一国のトップの首相が英語をきちんと扱えないこの日本。国際社会において、自国のトップが英語でのコミュニケーションスキルがしっかり持てないことは残念です。では2020年度文部科学省はどんな英語の言語活動を登用しようとしたのか、もう一度確認してみましょう。
「まずは英語を楽しむ」
2020年度、小学校3年生から英語の授業を開始、会話を中心にまずは英語嫌いにならないよう、楽しむことを目標に位置付けています。週に一度の必修化となり、担任が授業を行っていきます。
小学校高学年の5年生からは週に2度の授業になり、教科書を用い通知表にも成績がつけられます。今まで中学生から始まっていた英語活動を早期化した感もありますが、一番の目的は英語でのコミュニケーションができるように。
担任教師以外に、外国人の教師の授業も取り入れる学校もあるようです。以前の教材よりも会話の表現に特化しているようですので、お子さまの英語への興味が持てることを期待したいところです。
「遅れを取り戻せるかが課題」
2020年3月から学校は長期の休校を余儀なくされました。6月には分散登校、消毒と換気の徹底などの環境を整え、全国で学校が再開。この3ヵ月の間に失われた授業時間は最大200時間との報道もありました。
お子さまたちにとって経験をしたことのないこの長期休校。学習態度も乱れがちになり、そのうえに夏休みも縮小され、今は遅れを取り戻すために、詰め込み授業となってしまいがちな状況です。
こんな状況でどこまで英語の授業が進んでいるか、保護者の皆さんにとっては不安なところです。
公立小学校でも自粛期間中には、オンラインの授業を教員自ら制作し送っていたようです。地域や先生の才覚で差は出そうですが、コロナ禍でも着々と小学校段階の英語教育は始まっていました。
また新しい教育内容のアクティブ・ラーニング。これはお子さまたちが主導して学びを取れいれていくことです。
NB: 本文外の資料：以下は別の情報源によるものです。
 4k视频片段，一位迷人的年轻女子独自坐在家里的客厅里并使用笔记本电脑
主導してできる子と、できない子の格差を生まないように、ご家庭での家庭学習の必要性は高まりそうです。
小学校の英語教育に期待できる効果と課題
小学生で英語を始めるとどんな効果があるのでしょうか。今の日本、結構英語の文字やアナウンスがあふれています。昔よりはずっと子どもたちは英語に触れる機会は増えています。
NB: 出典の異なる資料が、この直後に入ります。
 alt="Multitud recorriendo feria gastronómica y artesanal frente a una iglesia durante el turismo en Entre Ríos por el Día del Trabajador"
でも聞いているだけでは英語ができるわけではありません。まず子どもたちは英語という言語があることを理解し、それを話す人たちがいるということからわからなければなりません。なので、小学校3年生からの英語授業の開始は理に適っているようです。
ただ英語の発音は、日本人の先生の発音だけだと疑問は残ります。また授業が日本語と英語で行われることが多いので、やはり頭を全て英語に切り替えることは難しいかもしれません。
「バイリンガルの2つのスイッチ英語脳」
バイリンガルではない限り、私たち日本人は第二言語として英語を習得することになります。
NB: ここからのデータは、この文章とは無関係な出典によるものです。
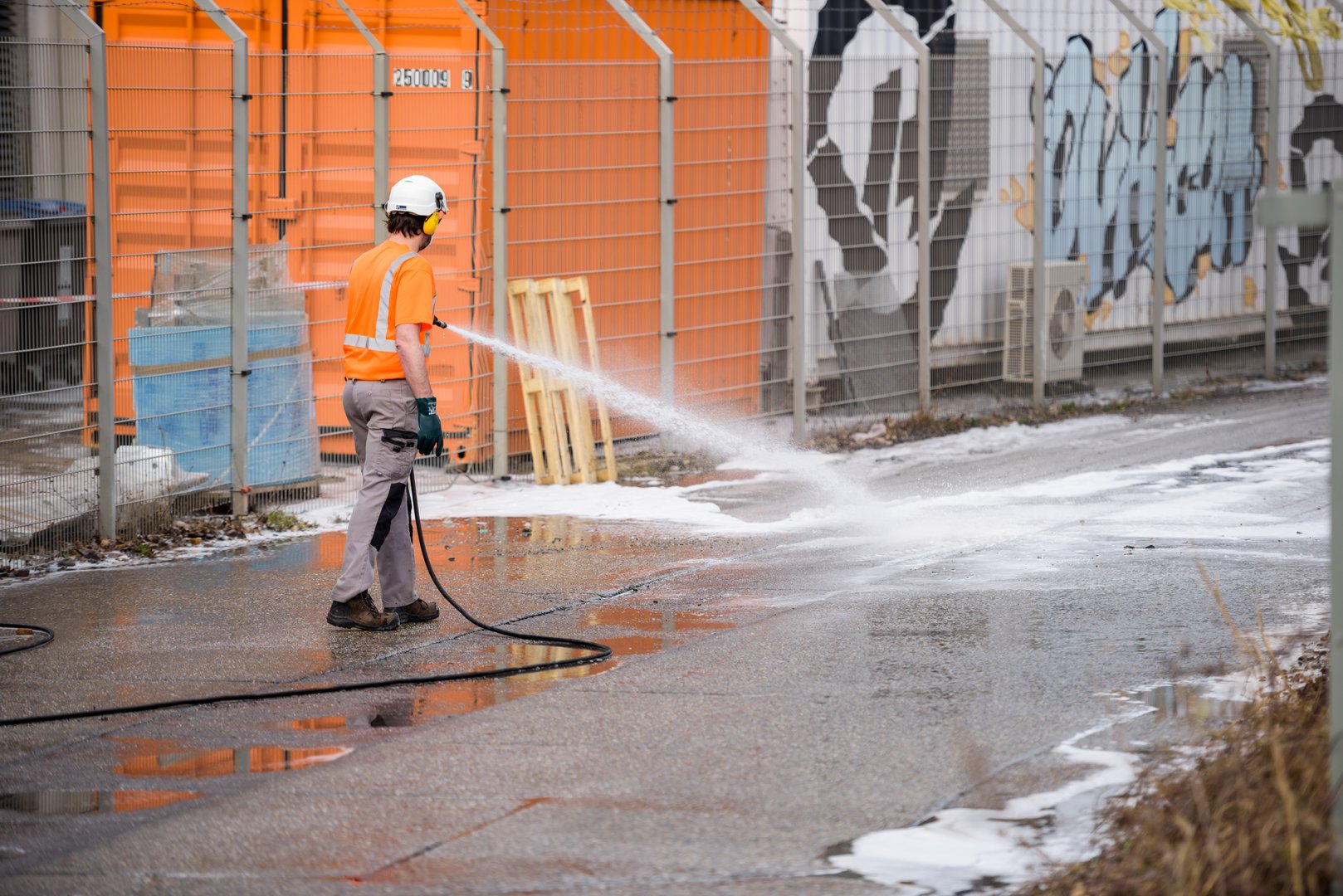 Strasbourg, France - Mar 10, 2021: Man cleans street after burnt remains of the large data center - Millions of websites offline after fire at French cloud services firm OVH Cloud in Strasbourg France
バイリンガルと何が違うかと言うと、両親のどちらかが英語を母国語としているお子さまは、元々日本語は日本語で考え、英語は英語で考えてその言葉を獲得しているのです。スイッチが日本語と英語の二つあるので、スムーズに語学を切り替えることができるのです。何ともうらやましいスイッチですが、第二言語として英語を習得する私たちには、それ相応の時間と学習を要しそうです。
「日本人の英語力の現実」
かつては中学で3年、高校で3年、大学の基礎課程で2年、およそ8年間の英語教育を受けながらも、英語でのコミュニケーションスキルを持てなかった自らの経験は、今でも通用しているのかもしれません。
英語でコミュニケーションできない日本人の汚名。もちろん最近は日本人の英語力は高まっていると感じます。しかし英語ができる人とできない人の格差はますます深まっているように思えます。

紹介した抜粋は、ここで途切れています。